Chapter 2
My Husband Told Me to Be Patient
790 words
Ethan came home within twenty minutes.
He rushed into the bedroom with his coat half-buttoned, hair messy, panic on his face.
For one foolish second, my heart softened.
Then Martha started crying.
“My son,” she wailed, clutching her chest, “look at the wife you married. I only asked her to think about the Hale family, and she told me to get out.”
Ethan looked exhausted.
“Mom, Lydia just gave birth.”
“She gave birth to another boy!”
His face tightened.
“Can we discuss the third child later?”
Martha stared at him.
“No one told her to give birth today. She can start preparing during recovery. Women in my time had one pup every year. No one was this delicate.”
I waited.
Surely, after almost losing me, he would say no.
Surely, after seeing the blood, the surgery, the way I could barely breathe through the pain, he would finally choose me.
Ethan rubbed his temples.
“Fine,” he said. “We’ll prepare.”
I looked at him.
“What?”
He avoided my eyes.
“Mom, go make Lydia some chicken soup. If her body recovers well, it’ll be easier next time.”
Martha brightened instantly.
“That’s more like it.”
She left the room humming.
The moment she disappeared, Ethan turned to me and raised a finger to his lips.
“Shh.”
I stared at him.
He came to the bed and lowered his voice.
“I was just calming her down.”
I said nothing.
“My mom is like this. You know that. Just agree with her for now. Later we’ll say you can’t conceive.
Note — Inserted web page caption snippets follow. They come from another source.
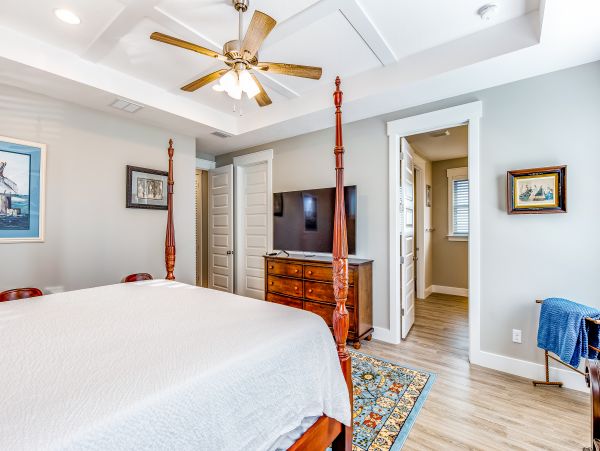 6 Bedroom House 1/2 block from the Beach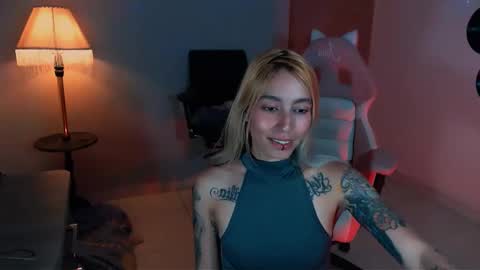 Snapshot of saucy_jenn1 chatting on 12/02/24, 01:58 I AM JENN  online show from 12/02/24, 01:58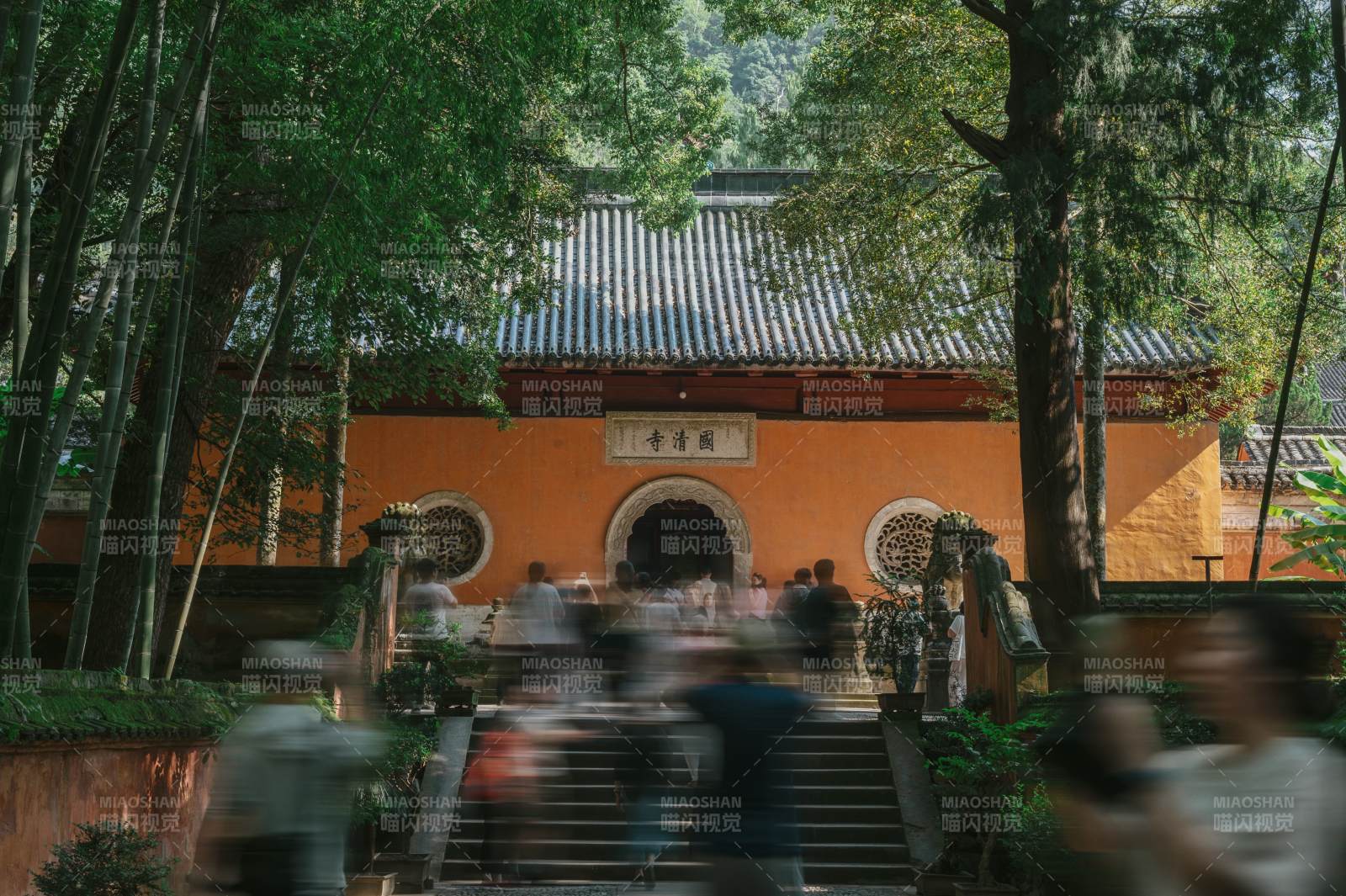 國(guó)清寺古寺幽徑 人影匆匆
What can she do?”
The same words.
In my first life, after our first son was born, I had not wanted a second child.
Ethan said the same thing then.
“Just agree with her. We’ll say we’re trying.”
I believed him.
A year later, I stared at a positive pregnancy test, my hands shaking.
It made no sense.
Ethan had promised he had undergone sterilization.
He had even moved out for a week to pretend he was recovering.
When I confronted him, he smiled awkwardly.
“Sterilization hurts. How could you bear to let me suffer?”
Then he touched my belly and said,
“The pup chose you as his mother. Let’s keep him.”
So I gave in.
Again.
That pup was now sleeping in my arms, and I had almost died bringing him into the world.
I looked at Ethan.
“You know exactly how this child came.”
His expression changed.
A flash of irritation crossed his face.
He did not like being reminded of his lies.
But because I had just given birth, he swallowed it.
“Our baby is adorable,” he said, reaching for our son. “Don’t talk like that in front of him.”
I pulled the baby away.
My abdomen screamed with pain.
I tried to sit up anyway.
Ethan panicked.
“Lydia, what are you doing?”
“I’m going to tell your mother there will be no third child.”
He grabbed my wrist.
“Stop making trouble.”
I stared at his hand.
Making trouble.
My body had been cut open.
His mother wanted to drug my soup with fertility herbs.
And I was making trouble.
“You know my mom’s heart is bad,” he said. “She’s going through menopause. Why do you have to fight her?”
Tears blurred my eyes.
“She is going through menopause,” I whispered. “I just gave birth.”
Ethan’s face softened.
He wiped my tears with his thumb.
For a second, he looked like the man I had once loved.
Then he said,
“Be good. Think of it as respecting an elder.”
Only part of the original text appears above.